----- Given records -----

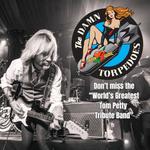 The Damn Torpedoes - A Tribute to Tom Petty and the Heartbreakers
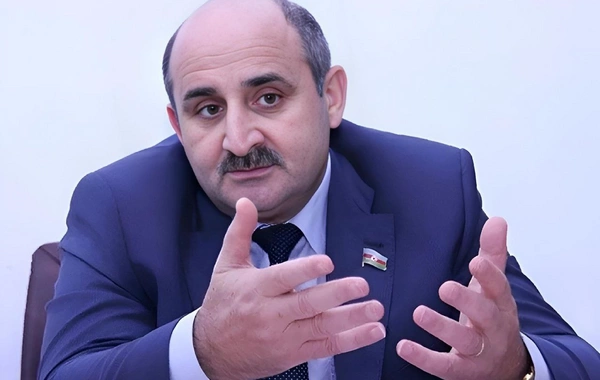 Çingiz Qənizadə: Bizə nə Rusiya, nə də onun siyasəti lazımdır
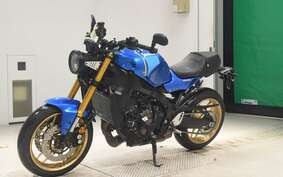 YAMAHA XSR900 2022 RN80J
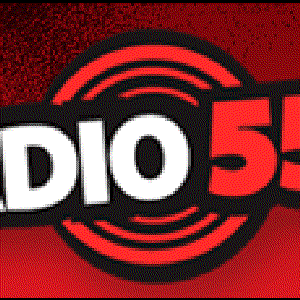 Avatar for Radio 555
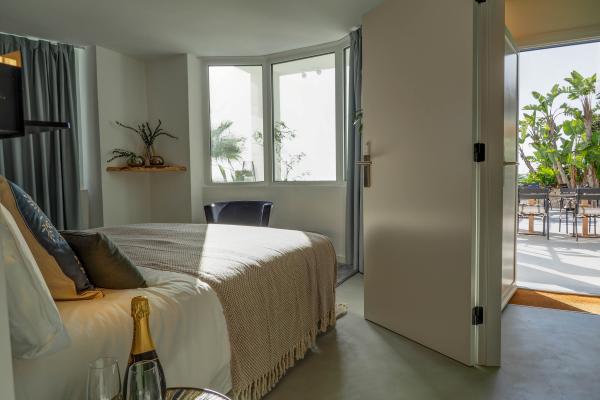 #52826 - Bronze Loft | Ferieudlejning | Hello Homes Sitges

-----

■ **Task description**
In the answer, the entries should be restated verbatim, with all pictures omitted.

■ **Output of the exercise**
 The Damn Torpedoes - A Tribute to Tom Petty and the Heartbreakers
 Çingiz Qənizadə: Bizə nə Rusiya, nə də onun siyasəti lazımdır
 YAMAHA XSR900 2022 RN80J
 Avatar for Radio 555
 #52826 - Bronze Loft | Ferieudlejning | Hello Homes Sitges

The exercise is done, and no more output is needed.